This study examined two markers of language impairment (LI) in a single experiment, testing sentence imitation and grammatical morphology production using an imitation task with masked morphemes. One goal was to test predictions of the morphological richness account of LI in Czech. We also tested the independent contributions of language and memory skills to sentence imitation performance.
Seventeen children with LI (5;1–7;6 [years;months]) and 17 vocabulary-matched typically developing (TD) children (3;8–4;11) were administered a sentence imitation task where each sentence had one noun or verb ending replaced by a coughing sound. In addition, a receptive vocabulary and the digit span (backward and forward) tasks were administered.

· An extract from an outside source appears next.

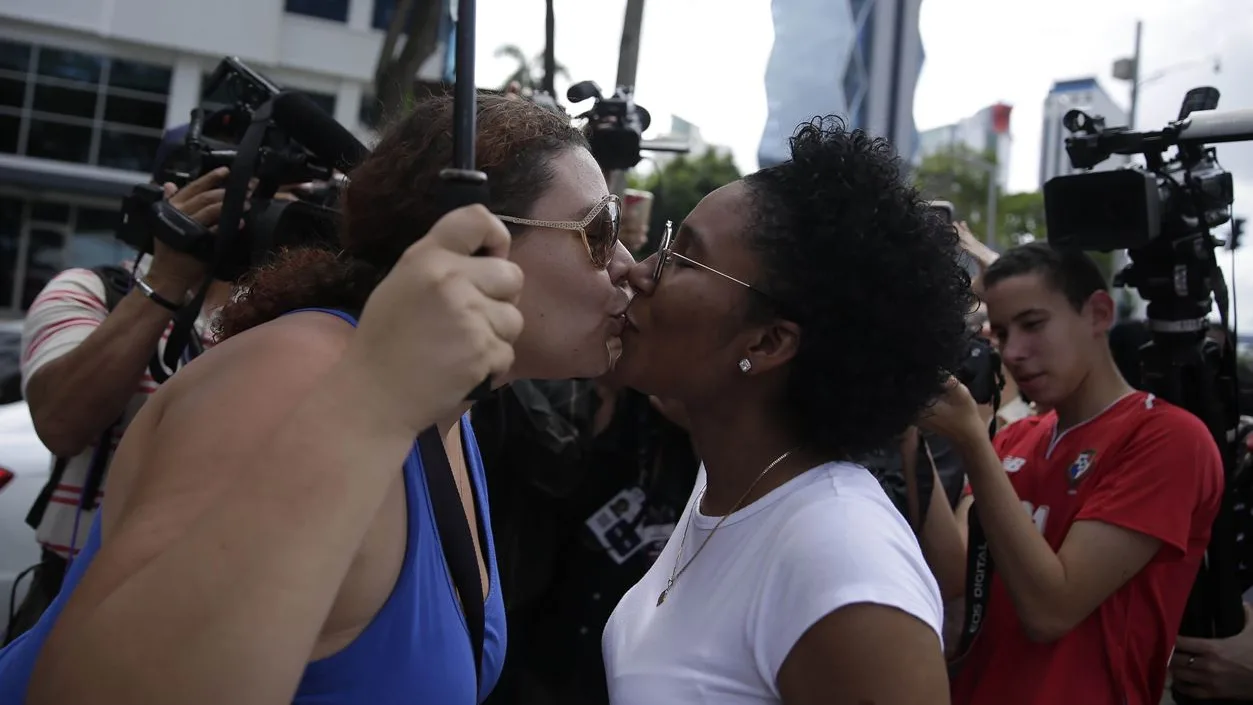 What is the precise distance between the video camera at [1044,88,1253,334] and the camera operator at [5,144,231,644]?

Children with LI were significantly less accurate than TD children in sentence imitation task. Both vocabulary and digit span had unique effects on sentence imitation scores. Children with LI were less successful in imitating the target words, especially verbs. However, if they succeeded, their completions of the masked morphemes were no less accurate than in TD children. The accuracy of completions was affected by the morpheme frequency and homophony, but these effects were similar in TD and affected children.
Sentence imitation is a measure of language skills and verbal memory. Results on morpheme completions are consistent with processing models of LI, but some predictions of the morphological richness model were not confirmed. The results suggest that children with LI might have a deficit in organizing morphosyntactic relations in sentences, rather than in morphological processing proper.